Tell the other leaders to handle this one because you're too close to the situation to make a fair judgement.
That way, it's up to them if and how they want to collect. I would recommend that they boy be denied awards and participation in pack activities until accounts are settled. If monetary compensation is not likely, the committee might settle for some sweat equity, like hand made gifts for the leaders and the boys leaving the pack. Or, maybe there's a donor who will match whatever the family can pay back, up to $100. But it has to be a committee decision.
Clearly, in the future you shouldn't accept popcorn/wreath orders unless folks give you the money up front.
Tread carefully. There is no good answer. The only best answer is to get this closed out quickly. IMHO, I would not hand this off. He's your friend. I'd find a way to get it handled or pay for it myself.
THEN THEN THEN ... from this family ... don't accept popcorn/wreath orders unless you get the money up front.
To be honest, someone who has a hard time with money will understand this and you probably don't even have to explain it. Just say you'd like payment up front before distribution of product. He'll know what's going on and will appreciate not having it talked about.
We have families with hardships. It sucks. However, someone, NOT you, needs to talk to him about the pack appreciates his help, happy to write-off certain fees, and cover them to be a part of the pack. However, fundraising money is different, that's taking money that is owed to the pack, he can't get paid to be a scouter, even if he and his son get to go free.
Since he clearly took a "loan" on the amount, get him on a payment plan. He needs to come up with $20/week until it's paid off.
You're too close to the situation, but the difference between the pack covering his costs (writing off dues, etc.) and his essentially robbing from the pack treasury (money he is holding on behalf of the Pack, NOT his money) is another story.
But one thing, especially for families that are bad with money, ask them to turn in the money AS they sell, so they aren't tempted by a few hundred dollars sitting around the house when they have bills to pay. Have the treasurer track what they've paid in for sales as they go, and reconcile it at the end. It's a bit of work, but it makes it WAY easier.
Here is my take. You know the financial hardships. Yes, the Pack covered the Book,Slide, Necker and registration. Fine. That sounds like the Scout was covered. You do that because of the Financial Hardship. You also allow this because he is giving his time to the Pack. That's covered.
Money owed. Sorry. Time to man up and go get it. You know his track record and you allow it. You have lent him money and sold him items. I suspect you will never see the $200 so the Pack could just write it off.

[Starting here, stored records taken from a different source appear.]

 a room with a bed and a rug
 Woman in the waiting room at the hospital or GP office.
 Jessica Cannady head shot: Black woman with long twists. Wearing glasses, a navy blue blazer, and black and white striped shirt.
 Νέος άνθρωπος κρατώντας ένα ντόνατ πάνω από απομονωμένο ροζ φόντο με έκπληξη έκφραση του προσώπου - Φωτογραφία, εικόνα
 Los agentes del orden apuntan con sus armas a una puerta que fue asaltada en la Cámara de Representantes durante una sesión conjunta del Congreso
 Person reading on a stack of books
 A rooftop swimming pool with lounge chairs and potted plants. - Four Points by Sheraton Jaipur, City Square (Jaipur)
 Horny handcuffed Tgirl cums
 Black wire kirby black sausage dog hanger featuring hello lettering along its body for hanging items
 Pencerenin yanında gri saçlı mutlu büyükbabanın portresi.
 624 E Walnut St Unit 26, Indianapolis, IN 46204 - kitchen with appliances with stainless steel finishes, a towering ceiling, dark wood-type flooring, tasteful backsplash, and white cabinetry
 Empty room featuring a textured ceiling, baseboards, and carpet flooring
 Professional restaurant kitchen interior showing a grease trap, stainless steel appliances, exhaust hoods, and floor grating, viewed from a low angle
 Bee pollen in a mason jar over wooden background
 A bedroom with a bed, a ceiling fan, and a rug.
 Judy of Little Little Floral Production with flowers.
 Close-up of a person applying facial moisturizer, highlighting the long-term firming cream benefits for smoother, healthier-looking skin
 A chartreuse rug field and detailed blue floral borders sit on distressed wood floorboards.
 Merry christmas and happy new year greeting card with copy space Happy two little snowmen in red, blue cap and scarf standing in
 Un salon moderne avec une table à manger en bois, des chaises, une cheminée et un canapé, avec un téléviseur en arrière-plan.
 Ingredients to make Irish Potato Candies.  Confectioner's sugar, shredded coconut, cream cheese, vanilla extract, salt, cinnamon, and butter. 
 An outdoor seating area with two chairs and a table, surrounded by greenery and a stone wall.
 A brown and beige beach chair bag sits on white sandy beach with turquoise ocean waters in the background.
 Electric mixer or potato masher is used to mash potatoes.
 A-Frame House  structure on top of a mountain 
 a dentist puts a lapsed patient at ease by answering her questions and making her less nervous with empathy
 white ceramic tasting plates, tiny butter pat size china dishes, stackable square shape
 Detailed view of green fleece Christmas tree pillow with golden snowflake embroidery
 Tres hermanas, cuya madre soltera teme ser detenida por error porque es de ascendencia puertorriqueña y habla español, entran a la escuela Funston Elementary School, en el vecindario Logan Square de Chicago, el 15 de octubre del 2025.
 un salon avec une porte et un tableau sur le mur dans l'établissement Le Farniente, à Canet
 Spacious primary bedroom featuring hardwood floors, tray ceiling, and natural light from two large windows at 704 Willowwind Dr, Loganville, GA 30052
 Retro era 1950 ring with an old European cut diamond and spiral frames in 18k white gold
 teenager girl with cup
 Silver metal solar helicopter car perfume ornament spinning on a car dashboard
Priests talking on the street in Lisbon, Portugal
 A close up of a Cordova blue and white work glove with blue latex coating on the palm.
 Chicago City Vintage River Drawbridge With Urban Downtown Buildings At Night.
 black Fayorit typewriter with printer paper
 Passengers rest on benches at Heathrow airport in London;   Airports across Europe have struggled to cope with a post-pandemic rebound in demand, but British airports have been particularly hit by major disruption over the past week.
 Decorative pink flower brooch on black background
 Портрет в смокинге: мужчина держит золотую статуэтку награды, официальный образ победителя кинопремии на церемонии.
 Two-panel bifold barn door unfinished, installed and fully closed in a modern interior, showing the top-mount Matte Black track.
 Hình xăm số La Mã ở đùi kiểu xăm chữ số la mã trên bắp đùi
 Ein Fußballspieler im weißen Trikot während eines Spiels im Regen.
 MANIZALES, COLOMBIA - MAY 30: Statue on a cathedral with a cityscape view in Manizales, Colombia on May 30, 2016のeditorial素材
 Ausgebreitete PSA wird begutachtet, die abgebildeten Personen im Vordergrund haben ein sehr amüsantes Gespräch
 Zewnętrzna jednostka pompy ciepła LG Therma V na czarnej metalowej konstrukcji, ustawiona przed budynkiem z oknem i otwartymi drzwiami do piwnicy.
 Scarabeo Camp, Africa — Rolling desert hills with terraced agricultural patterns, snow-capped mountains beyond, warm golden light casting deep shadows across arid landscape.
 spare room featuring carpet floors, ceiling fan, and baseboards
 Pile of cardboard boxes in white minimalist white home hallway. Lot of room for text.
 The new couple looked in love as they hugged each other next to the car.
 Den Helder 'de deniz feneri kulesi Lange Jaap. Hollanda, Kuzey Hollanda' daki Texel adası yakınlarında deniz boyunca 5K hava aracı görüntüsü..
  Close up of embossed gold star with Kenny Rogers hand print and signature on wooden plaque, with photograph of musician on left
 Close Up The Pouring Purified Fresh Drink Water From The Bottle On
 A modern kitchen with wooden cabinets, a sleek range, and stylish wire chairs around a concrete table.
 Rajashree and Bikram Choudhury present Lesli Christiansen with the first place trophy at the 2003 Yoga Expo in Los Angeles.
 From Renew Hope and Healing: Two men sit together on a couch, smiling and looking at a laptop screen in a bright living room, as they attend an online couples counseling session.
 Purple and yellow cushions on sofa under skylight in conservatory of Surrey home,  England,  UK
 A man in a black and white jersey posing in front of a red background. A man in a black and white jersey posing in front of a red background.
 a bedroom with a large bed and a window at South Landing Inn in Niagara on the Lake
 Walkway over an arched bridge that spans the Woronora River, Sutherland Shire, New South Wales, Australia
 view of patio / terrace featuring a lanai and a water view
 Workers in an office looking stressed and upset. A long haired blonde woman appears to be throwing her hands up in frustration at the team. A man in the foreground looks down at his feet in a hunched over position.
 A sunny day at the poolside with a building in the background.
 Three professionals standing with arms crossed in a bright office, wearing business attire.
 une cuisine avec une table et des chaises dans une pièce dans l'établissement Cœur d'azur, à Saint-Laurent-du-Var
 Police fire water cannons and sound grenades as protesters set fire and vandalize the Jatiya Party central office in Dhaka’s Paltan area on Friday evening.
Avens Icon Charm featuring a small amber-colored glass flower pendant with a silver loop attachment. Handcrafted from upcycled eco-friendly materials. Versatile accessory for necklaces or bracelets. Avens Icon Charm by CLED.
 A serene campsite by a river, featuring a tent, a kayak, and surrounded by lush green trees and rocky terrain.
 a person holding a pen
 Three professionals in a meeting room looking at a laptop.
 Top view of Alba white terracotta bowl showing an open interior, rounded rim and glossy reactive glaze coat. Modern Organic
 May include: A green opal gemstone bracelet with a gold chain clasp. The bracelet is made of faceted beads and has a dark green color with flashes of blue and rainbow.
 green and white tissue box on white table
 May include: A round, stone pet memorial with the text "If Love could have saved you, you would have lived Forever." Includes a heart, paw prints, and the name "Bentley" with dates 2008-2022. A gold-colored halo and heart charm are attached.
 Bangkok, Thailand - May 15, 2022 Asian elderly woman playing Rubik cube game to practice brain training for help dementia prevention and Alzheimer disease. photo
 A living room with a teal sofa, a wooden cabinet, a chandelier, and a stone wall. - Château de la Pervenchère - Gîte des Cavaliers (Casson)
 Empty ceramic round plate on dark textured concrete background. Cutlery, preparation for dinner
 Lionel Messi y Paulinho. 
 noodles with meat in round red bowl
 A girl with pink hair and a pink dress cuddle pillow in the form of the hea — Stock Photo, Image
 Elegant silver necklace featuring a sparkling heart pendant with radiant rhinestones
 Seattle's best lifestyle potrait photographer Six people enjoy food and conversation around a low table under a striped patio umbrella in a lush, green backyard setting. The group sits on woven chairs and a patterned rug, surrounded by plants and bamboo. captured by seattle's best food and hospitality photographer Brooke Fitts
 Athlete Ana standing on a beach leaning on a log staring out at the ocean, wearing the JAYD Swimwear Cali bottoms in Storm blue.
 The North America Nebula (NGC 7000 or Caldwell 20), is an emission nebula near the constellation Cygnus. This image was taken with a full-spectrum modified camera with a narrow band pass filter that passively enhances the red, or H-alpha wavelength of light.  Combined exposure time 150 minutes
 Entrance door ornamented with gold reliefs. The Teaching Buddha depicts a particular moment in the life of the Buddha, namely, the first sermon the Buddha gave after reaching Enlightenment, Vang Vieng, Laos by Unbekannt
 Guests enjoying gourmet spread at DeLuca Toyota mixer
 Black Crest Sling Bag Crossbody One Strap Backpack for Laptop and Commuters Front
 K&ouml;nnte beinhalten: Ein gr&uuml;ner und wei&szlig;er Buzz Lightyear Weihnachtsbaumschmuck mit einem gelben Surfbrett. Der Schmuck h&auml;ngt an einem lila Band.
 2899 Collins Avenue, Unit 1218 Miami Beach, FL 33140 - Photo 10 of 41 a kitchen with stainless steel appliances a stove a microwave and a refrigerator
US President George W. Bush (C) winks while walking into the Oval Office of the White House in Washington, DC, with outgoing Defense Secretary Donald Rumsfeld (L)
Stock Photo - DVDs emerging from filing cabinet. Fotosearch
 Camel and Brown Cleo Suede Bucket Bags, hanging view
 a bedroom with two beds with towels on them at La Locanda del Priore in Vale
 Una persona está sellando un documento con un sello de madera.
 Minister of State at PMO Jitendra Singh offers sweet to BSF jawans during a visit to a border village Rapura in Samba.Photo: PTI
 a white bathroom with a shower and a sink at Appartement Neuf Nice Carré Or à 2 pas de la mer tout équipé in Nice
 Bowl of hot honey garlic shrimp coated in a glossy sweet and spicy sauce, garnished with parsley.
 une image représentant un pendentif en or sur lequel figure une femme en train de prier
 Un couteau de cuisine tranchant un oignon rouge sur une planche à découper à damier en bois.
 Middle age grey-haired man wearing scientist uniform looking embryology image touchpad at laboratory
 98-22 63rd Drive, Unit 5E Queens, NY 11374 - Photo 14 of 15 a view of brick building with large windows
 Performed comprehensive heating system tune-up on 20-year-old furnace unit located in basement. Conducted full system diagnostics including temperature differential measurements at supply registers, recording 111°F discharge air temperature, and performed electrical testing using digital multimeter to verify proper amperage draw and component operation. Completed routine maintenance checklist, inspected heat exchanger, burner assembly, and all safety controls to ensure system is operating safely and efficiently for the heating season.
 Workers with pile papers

Going forward. Tell this Parent/Den Leader/Friend that in no certain terms that he is allowed to work with money for the Pack. If that means that his Scout goes with someone else to collect money or man tables...so be it. This person cannot be trusted with Money.
You have a deadbeat for a Den Leader/Friend. Cut him off. If your the CC it's your job to deal with it. If not, engage the COR.
A happy ending, he dropped off a check, and seemed to act oblivious that I was worried about it. And he said he wasn't interested in being a Den Leader next year, and offered to help recruit his replacement (we agree on who should be asked next). I'm going to delete this topic next week, since its a bit personal and I don't want it google-able. Once the check clears.
"I'm going to delete this topic next week, since its a bit personal and I don't want it google-able."
A bit of advice. Never post something to a public forum that you don't want to be "google-able". You can delete it, but it will never really go away.